Sadly, social care funding has simply not kept pace with rapidly growing demand. What is currently on offer simply does not match the way modern families live and work.  However, funding is only part of the issue, and while policy makers grapple with the vexed question of how to pay for care, we also need to think differently about what we are providing.

Failures to provide decent social care not only paralyse families, they stifle economic productivity. Over a million people, often at the peak of their careers, are being forced to give up work or reduce working hours to care, with a loss to the economy of £5.3 billion. Many end up in debt, facing financial hardship into their retirement.  We have to reduce the risk of this economic damage, and in this respect care and support services are as much about economic productivity as about social cohesion.

Growth

Can the ‘Demographic timebomb’ be turned into a good news story of economic growth?  We are seeing increasing demand for better and more flexible services from families willing and able to buy care, from service-users with personal budgets, and from employers who want services that enable their employees to work without stress, much like childcare does for parents. Most people who use care services – and that includes the low level preventive services often paid ‘cash in hand’ such as cleaning, gardening or shopping – are ‘self-funders’, paying for it themselves. So if most of us pay for care – and most of us will have to, subsidised or not – can we demand services that do what we want them to, when we want them to?

Civilised society

All of us have tales of services which leave our older or disabled relatives in despair – the morning ‘wash and dress’ that never comes at the same time, the lunch delivered at 11.00am, the ‘put to bed’ call at 6.00pm, fifteen minute time slots that do not allow for any meaningful human contact, all of which robs people of any dignity or control. We weep in frustration at services to our frail Mum or Dad that require two different agencies to get them out of bed and make their breakfast, but neither of which washes the breakfast dishes! So that job gets done by the cleaner we pay ‘cash in hand’, adding to the crowded scene of people providing what with a bit of imagination could be one integrated service.
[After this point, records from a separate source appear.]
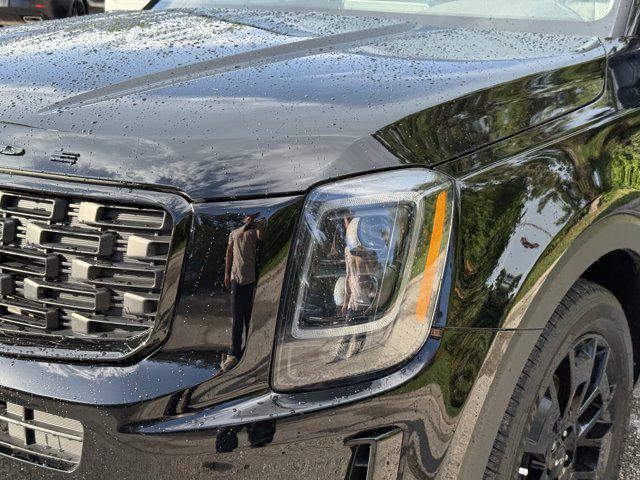 used 2022 Kia Telluride car, priced at $35,401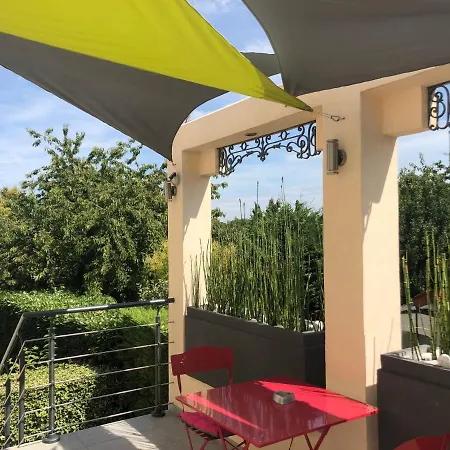 Studio-piscine Maclado De Standing A 7km De Paris * Thiais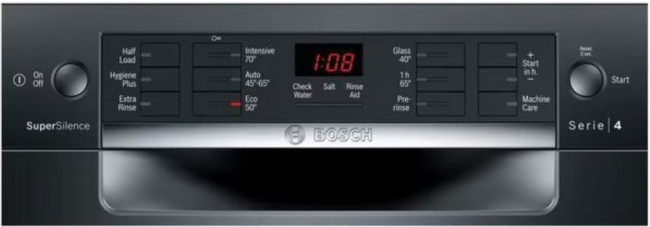 Посудомоечная машина Bosch SMS46NB01B Посудомоечная машина Bosch SMS46NB01B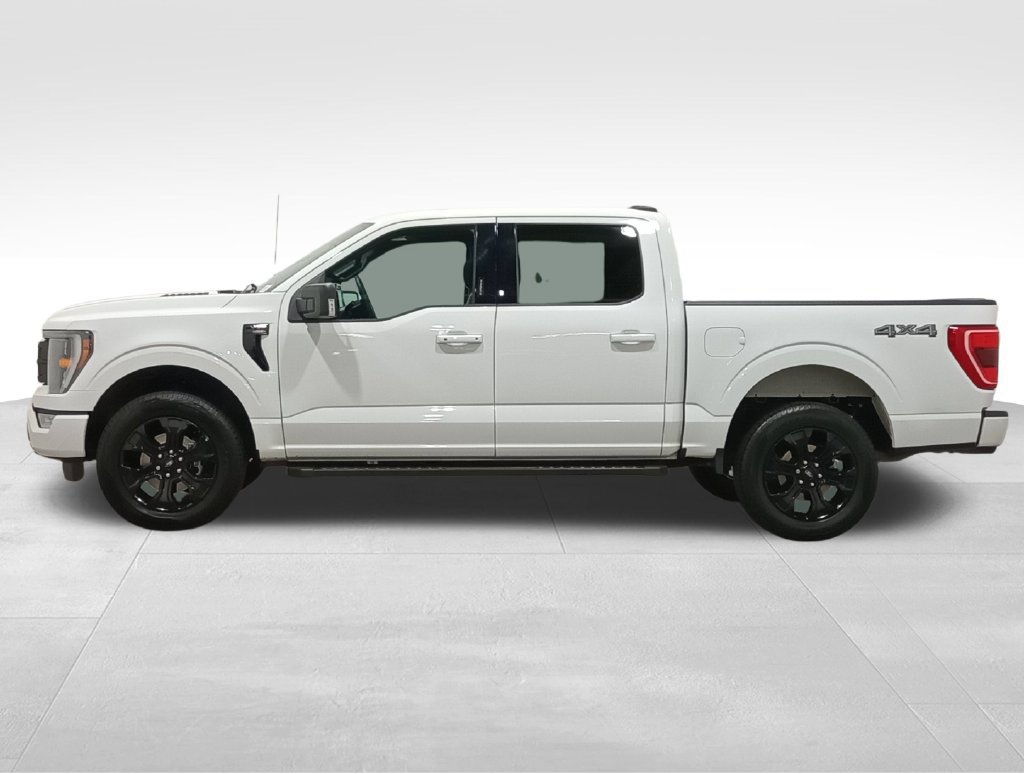 Certified 2023 Ford F150 XLT w/ Equipment Group 302A High AWD/4WD image 9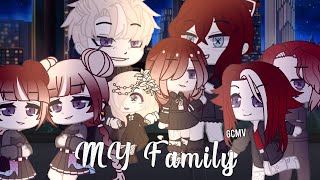 My Family gcmv | gacha club music video | lazy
How we care for our older, sick or disabled population is the mark of a civilised society. We will always need a safety net of services provided through local authorities to protect the most vulnerable or the poorest in our society. They should be personalised to meet people’s needs, funded fairly, portable and not subject to a postcode lottery. However, the majority of the population not eligible for local authority support also have a right to expect the same quality from the services they buy.

Incentives

Carers UK is arguing that we should look at care much as we looked at childcare in the 1990s, and see it as providing support for families to live and work. Investment in childcare – through the tax system, through childcare vouchers, through business incentives – enabled new players to come into the childcare market, and increased the supply of childcare to families. We want the same for care, with a National Care Strategy providing the right leadership and the right opportunity for growth, as the National Childcare Strategy did before it.

We want good quality care services provided by social enterprises, the voluntary sector, micro businesses, big businesses. We want these services to be affordable, so that families can use them as much as they need to, creating a virtuous circle of demand and supply. We want them to be flexible and reliable, so they meet real needs. We want them incentivised and recognised as a vital part of economic productivity.
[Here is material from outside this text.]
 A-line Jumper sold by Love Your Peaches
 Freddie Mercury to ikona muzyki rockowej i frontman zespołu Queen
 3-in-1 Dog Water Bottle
In this new world of care and support services that are fit for purpose, people who can pay for them will pay for them, people who can’t will be supported. We will migrate from an information economy to a new and thriving care economy. New technologies will help people work smarter and deliver new services in new ways, responding to the needs of modern families and reshaping traditional models of health and care.

Investment

So can this be fact or is it just desirable fiction? Carers UK believes it is achievable, as evidenced by the experience of other countries who have taken this approach. France has seen the creation of over half a million jobs since the introduction of its Borloo Plan in 2005, designed to grow the sector of what it calls ‘personal and household’ services, and which continued to grow through the recession.
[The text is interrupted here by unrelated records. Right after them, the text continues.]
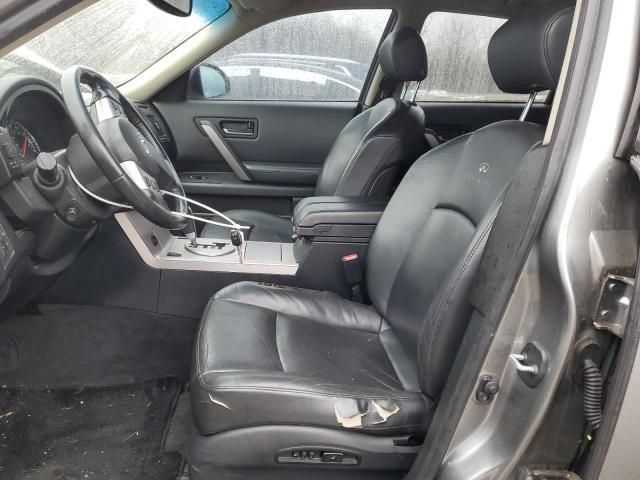 2004 Infiniti FX35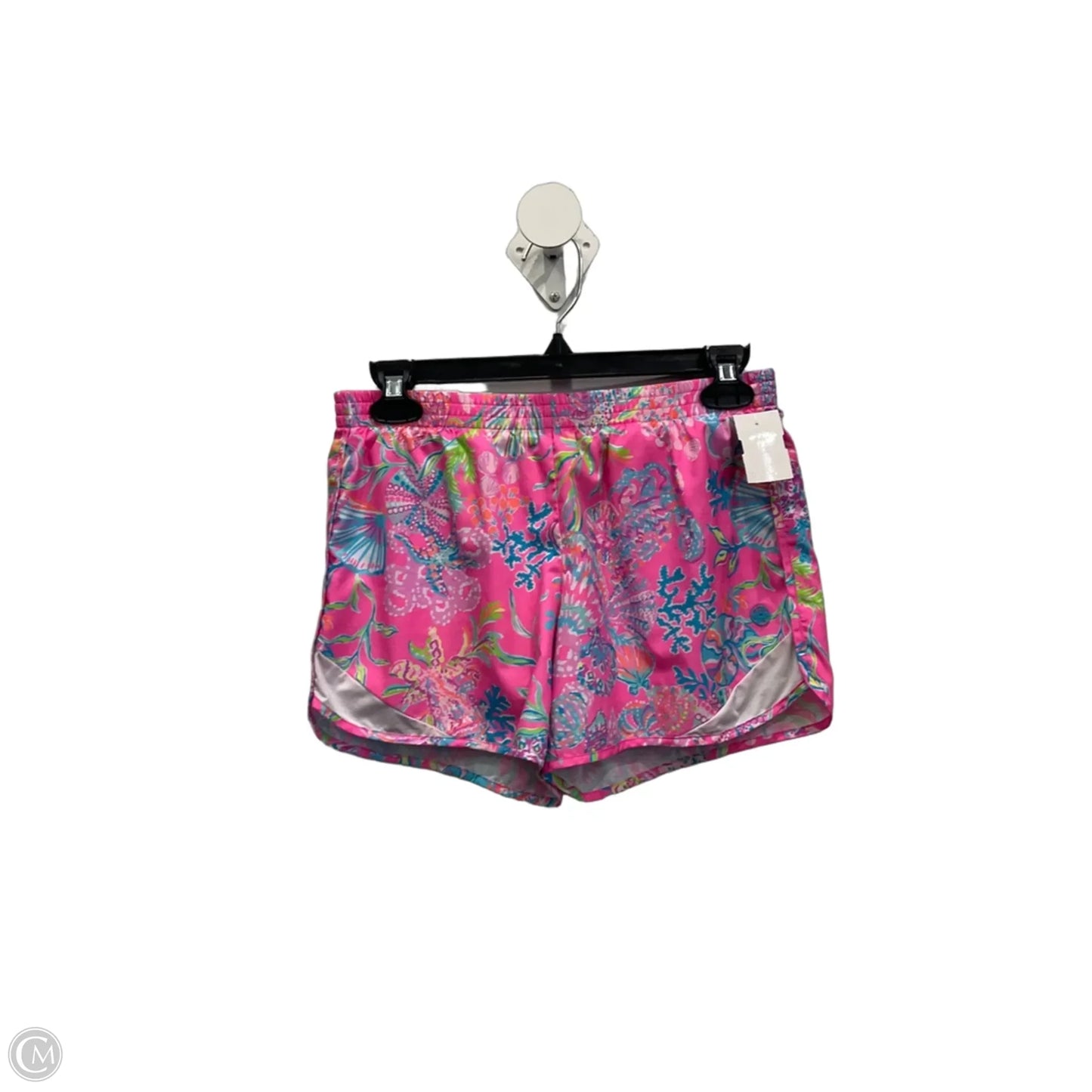Shorts Designer By Lilly Pulitzer In Pink, Size: Xs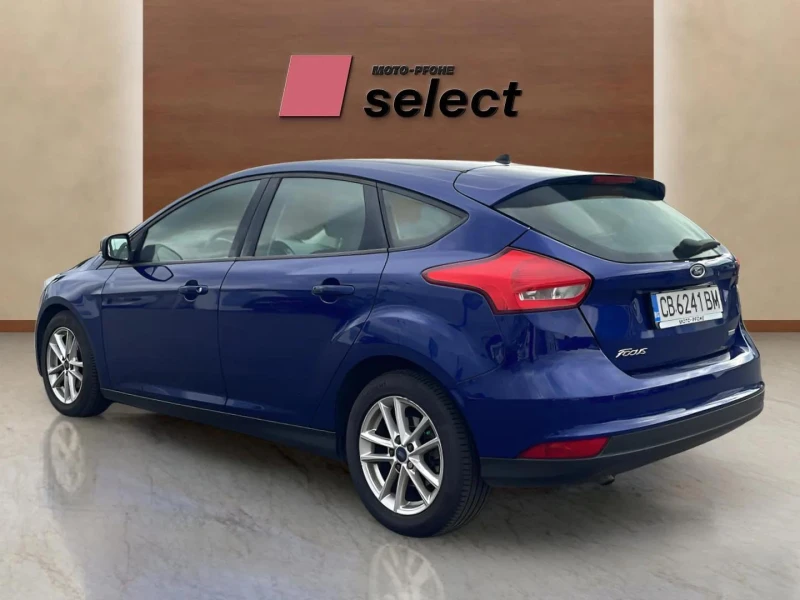 Ford Focus 1.0 EcoBoost, снимка 7 - Автомобили и джипове - 53255328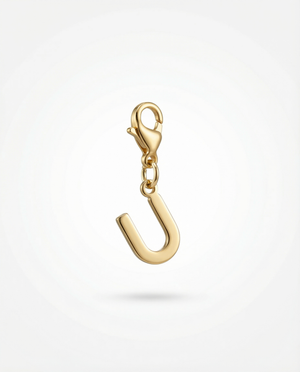 Charm Lettre U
However, this market will not shape itself. Good quality comes at a cost, and we are not always paying it. The result is that many families are confronted with inflexible services delivered by poorly paid care workers, with a high turnover in the sector and huge recruitment issues. But we also know that there are high quality services out there. The question is, how do we ensure investment that allows them to maintain quality while making them affordable?  We cannot and should not drive the cost of services down, as we have been doing through local authority mechanisms for years.

Again we can look at lessons from Europe here. France and Belgium have built a powerful case for public investment in care and support services by identifying the ‘earn back’ effects of incentivising them. This reduces the impact of their funding to the Exchequer. These ‘earn back’ effects include additional tax revenues and benefits to employers in terms of workforce retention and improved productivity.  They also include the benefits of bringing workers normally paid ‘cash in hand’ into the formal economy –  exactly the kinds of services that we should be growing. A care economy would build family resilience, maintain business productivity and create more and better jobs – the oil in the wheels of a functioning society and a thriving economy.

Roadmap

So, how to make it happen? An excellent start was proposed by Minister for Care Services Paul Burstow at a recent Carers Week Summit hosted by Employers for Carers and HM Government at BT – a dedicated Task and Finish group committed to producing a roadmap for action. They will bring together business, public and political interests to tackle one of our greatest societal challenges while unlocking real potential for growth. An exciting additional opportunity comes with Barbara Keeley’s Private Members Bill proposing a duty on local authorities to ensure a sufficiency of supply of care services, a mechanism that worked well for childcare. And who knows, as a final step we might yet see a National Care Strategy which will be a blueprint for providing a 21st century solution to one of our greatest 21st century challenges.